Finding Your People

A carefully selected partner or employee is an essential element of success in almost all projects, and as the venture grows, and the number of people you work with increases, it remains that most essential element.

When all is in place—your inventory is ready, the plan completed and the money lined up—you now have to find the, no, your people to make it all happen.

In this context, it may sound strange, but I like to think of people as a special type of asset, with a known capacity to produce, a known cost and a known price. However, with the unknown variables of being living, thinking beings and having their own character and, therefore, are unpredictable.

For these reasons, you should select your people carefully.

Firstly, describe what you expect your human asset will do. Write a Function Description, a concise and complete summary of the job to be done by the individual.

After that, write down what skills, experience and characteristics the person should have. That becomes your Candidate Profile.

If you are lucky, and you already know exactly the person who fits these requirements, still interview them as an outside candidate, and if they pass the test, hire! Congratulations, you have saved yourself a lot of time, effort, and potential future disappointment. But don’t forget, good friends do not necessarily make good partners. It sometimes is a good idea to keep a good friend a good friend.

Organize a realistic process to review candidacies, and take the time to meet with them. All of this is an extra effort, but make the effort, it will pay off handsomely.

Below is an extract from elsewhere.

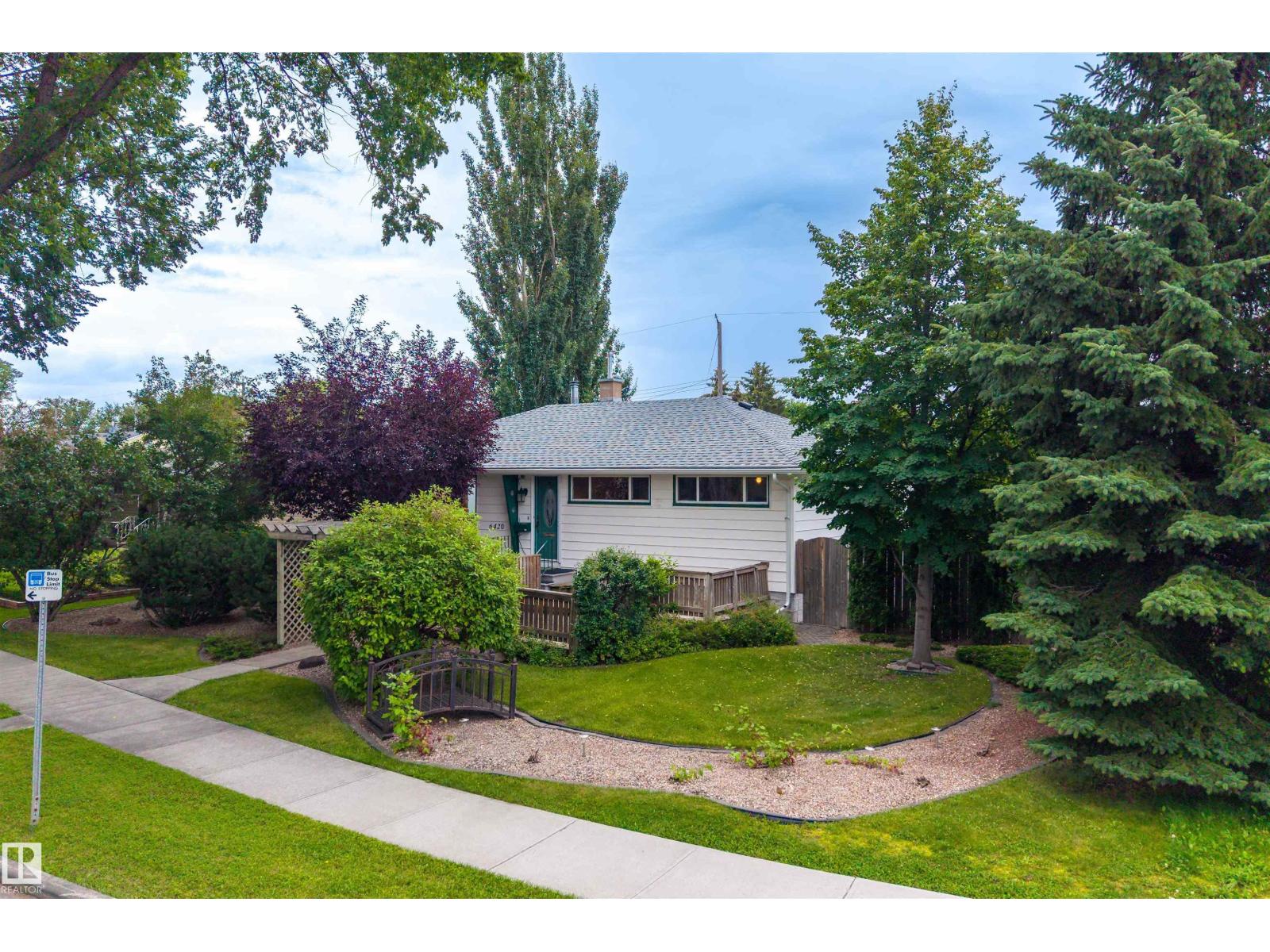 6420 86 ST NW - 41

The interview process is a subject on its own, which we will cover in another letter. But in brief, do not interrogate, let the candidates sell themselves; you will find out much more that way. Also, sell yourself. Show them who you are, talk about your own ideas, objectives and character traits. Effective interviews are a two-way street, as they give candidates the confidence to open up.

Lastly, after all these cold and rigid methods, let your heart have the last word. Do you like and trust the person? Do you feel happy and confident with the idea of working with your new partner? If they do not excel on all test fronts, do they still feel like a natural fit? Do you admire their potential? Is there a certain spark that shows an unmatched level of motivation and drive?

I’m reminded when I was a senior manager and speaking to a young man who, for some reason, had slipped through the pre-selection net. On paper, he was obviously underqualified. But he was bright, enthusiastic, well informed and, although he knew he was the least likely candidate, he appeared totally at ease. When I asked him about his goal in life, he responded without blinking an eye, “To have your job.” I hired him, and he proved to be one of the most valuable people I ever worked with. When I left the company, he, indeed, got my job. And now more than a decade later, we remain close personal friends. Never have I been happier to let my heart speak.